On Nov. 4, Camille A. Brown & Dance Troupe performed at the ’62 Center for a one-night engagement – a multimedia dance performance that explores the complexities of the black female identity in America. Through an exploration of the history of black performers in media, she seeks out its residual effects on her as a choreographer and as a black woman.

Camille Brown’s performance expanded the constraints of dance in a performance that held the attention of her audience through various mediums. Brown organized her performance into three parts:Mr. Tol E. RAncE (2012),  New Second Line (2006) and her most recent work in progress Black Girl: Linguistic pLAY (2015). The music extended beyond a form of background noise, becoming fully integrated into the pieces, both musically and spatially, with pianist Scott Patterson playing on stage among the dancers. In African-American history, along with African traditions, dance has been linked with music and the musicians and dancers continually feed off of each other. Brown’s placement of music on the stage amongst the dancers attests to that traditional overlap of sound and dance.

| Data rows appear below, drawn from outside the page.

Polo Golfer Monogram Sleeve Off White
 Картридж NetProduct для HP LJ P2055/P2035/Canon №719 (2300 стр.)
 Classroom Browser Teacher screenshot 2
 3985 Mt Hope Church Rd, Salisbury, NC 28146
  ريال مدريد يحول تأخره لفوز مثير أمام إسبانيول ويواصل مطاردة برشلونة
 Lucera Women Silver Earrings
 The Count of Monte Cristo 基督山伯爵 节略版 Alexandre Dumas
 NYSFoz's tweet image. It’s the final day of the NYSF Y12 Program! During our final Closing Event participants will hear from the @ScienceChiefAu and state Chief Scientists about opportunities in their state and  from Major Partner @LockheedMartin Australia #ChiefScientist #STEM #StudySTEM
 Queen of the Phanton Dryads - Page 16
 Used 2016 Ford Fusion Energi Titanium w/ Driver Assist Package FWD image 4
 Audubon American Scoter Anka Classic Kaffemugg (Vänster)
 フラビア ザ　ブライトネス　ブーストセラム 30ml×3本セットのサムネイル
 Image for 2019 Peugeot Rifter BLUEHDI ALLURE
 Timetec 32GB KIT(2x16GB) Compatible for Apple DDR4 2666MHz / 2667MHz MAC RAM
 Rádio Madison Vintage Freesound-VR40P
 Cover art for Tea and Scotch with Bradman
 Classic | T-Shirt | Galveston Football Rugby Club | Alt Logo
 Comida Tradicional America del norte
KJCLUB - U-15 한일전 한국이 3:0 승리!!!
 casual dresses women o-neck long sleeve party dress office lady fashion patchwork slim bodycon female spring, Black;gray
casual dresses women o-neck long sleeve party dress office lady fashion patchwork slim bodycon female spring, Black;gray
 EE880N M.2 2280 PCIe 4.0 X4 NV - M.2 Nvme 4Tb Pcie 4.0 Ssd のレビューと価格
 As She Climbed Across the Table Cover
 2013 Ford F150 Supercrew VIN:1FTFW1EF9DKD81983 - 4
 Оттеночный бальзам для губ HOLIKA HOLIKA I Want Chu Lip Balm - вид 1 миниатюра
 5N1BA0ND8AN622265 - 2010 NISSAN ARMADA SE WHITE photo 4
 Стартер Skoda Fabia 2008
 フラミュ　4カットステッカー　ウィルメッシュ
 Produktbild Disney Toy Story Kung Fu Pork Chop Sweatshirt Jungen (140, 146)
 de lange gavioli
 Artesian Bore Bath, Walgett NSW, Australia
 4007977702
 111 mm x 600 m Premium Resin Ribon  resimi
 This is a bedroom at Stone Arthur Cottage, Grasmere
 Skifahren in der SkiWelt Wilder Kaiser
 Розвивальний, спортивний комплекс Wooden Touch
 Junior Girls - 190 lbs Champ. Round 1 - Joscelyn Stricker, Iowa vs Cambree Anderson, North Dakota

During Mr. TOL. E. RAncE, a series of black sitcoms were projected onto the background. The dancers performed traditional black stereotypes, like the tap dancer from vaudeville shows, the Mammy character and the black servant. The projections then morphed into shows on TV from the 1950s onward, such as Amos N’ Andy, Different Strokes, Good Times and Fat Albert. While the different shows were being projected, the dancers mimicked racialized tropes of black people. There was a loud chorus of yelling as dancers showed off their moves. At one point, they comically began to sing the theme song of The Fresh Prince of Bel-Air while doing the Carleton. Mr. TOL. E. RAncE had a lot going on onstage, which could easily distract and overwhelm the audience. However, Act 2 of Black Girl, commenced with a minimal setting of two bright lights on two mini- platforms, ameliorating the effect of its chaotic predecessor.

The darkness of Black Girl was heart-wrenching, lonely and quiet. Although a soft bass guitar and piano played for the majority of the act, there were moments of silence in which the sound of tap dancing actually became the music. The dancers had two small platforms that accentuated the sounds of their tap dancing. The use of the stage was limited, as was the lighting. For the first time during the work, it was clear where Brown wanted her audience to focus.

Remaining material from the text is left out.